Never one to mince words, Bob Carr, chief executive of the big merchant acquirer Heartland Payment Systems Inc., predicts that demand for Apple Inc.’s new Apple Pay mobile-payment service will force the retailer-controlled Merchant Customer Exchange (MCX) to abandon a policy of requiring its members to accept only MCX’s CurrentC mobile wallet.
“MCX has this idea it’s us or nobody, you have to swear that you’re not going to use any other alternative-payment system,” Carr said Wednesday at the Mobile Payments Conference—Mobilizing Retail event in Skokie, Ill. “I don’t see how that survives. I think Apple Pay sort of kills that entire concept, because consumers will pay with what they want to pay, and with the device they want to pay. We learned that a long time ago.”
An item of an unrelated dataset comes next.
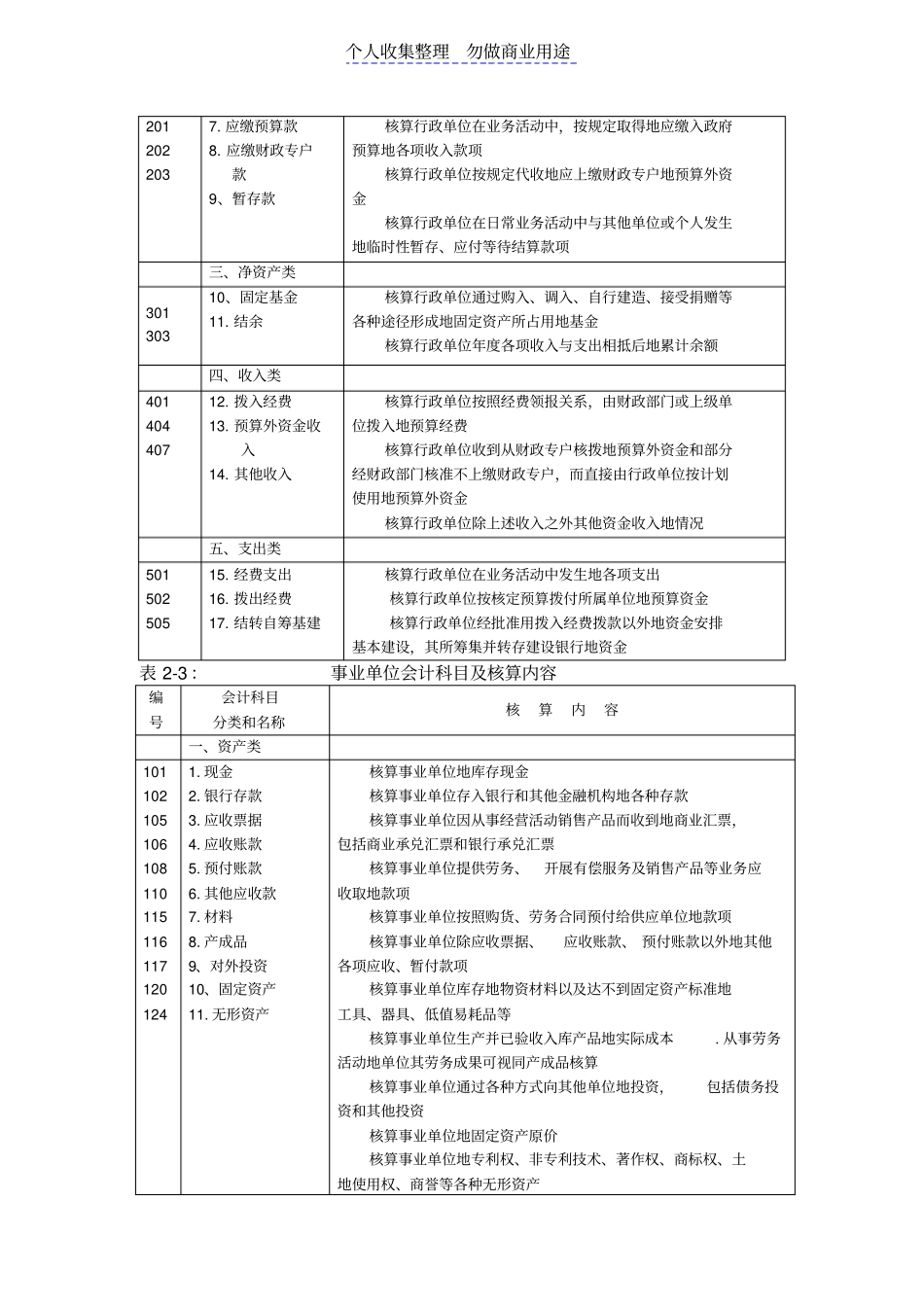 预算会计科目及核算内容_第3页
Apple Pay is expected to go live this month on Apple’s new iPhone 6 and iPhone 6 Plus, and on the coming Apple Watch next year. The service includes near-field communication (NFC) technology for fast, contactless payments at the point of sale and Apple’s Touch ID fingerprint biometrics for added security.
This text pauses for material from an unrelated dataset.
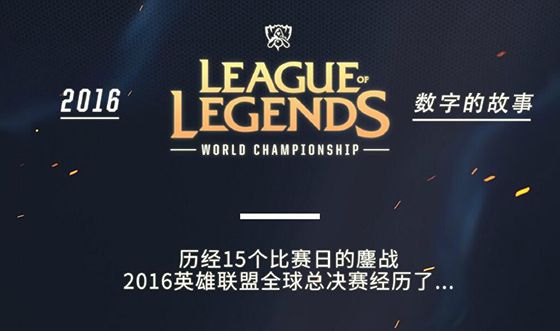 球员详细数据页面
While critics have identified what they see as flaws in the much-hyped Apple Pay—it doesn’t have a loyalty component and isn’t available for smart phones running Google Inc.’s market-leading Android operating system, for example—the service seems likely to attain critical mass quickly. Apple sold 10 million iPhone 6 phones in the first weekend the device was available, and it has 800 million accounts with its iTunes service. The payment cards consumers use to fund iTunes purchases can be easily enrolled for use with Apple Pay, and others can be added to Apple’s Passbook app when the iPhone user snaps pictures of them with the device’s camera.
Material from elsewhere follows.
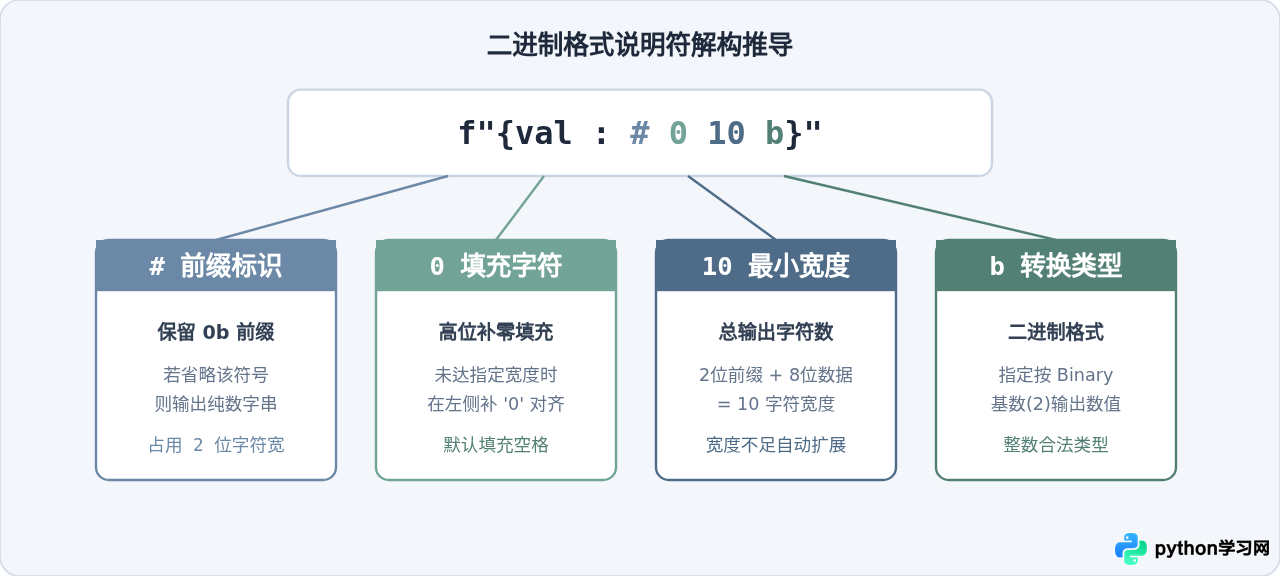 Python bin()、format()与f-string二进制输出对比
Carr, who said MCX also bars members from using PayPal Inc., which is trying to establish its online-based service in physical stores, believes MCX will be hard-pressed to retain its exclusivity policy in the face of the anticipated demand by potentially millions of consumers to use Apple Pay in its members’ stores. “PayPal is a competitor to MCX, Apple Pay is a competitor to MCX,” he said. “Is MCX going to be able to really get away with $1 trillion of the economy being excluded from PayPal and Apple Pay? I don’t think so, I don’t think it’s going to fly.”
Carr added that MCX may have a hard time selling small merchants on mobile-wallet exclusivity as it tries to move beyond its large-retailer base. He reiterated his anti-exclusivity point in a brief interview with Digital Transactions News after his speech. “I think Apple Pay put the nail in that coffin,” he said.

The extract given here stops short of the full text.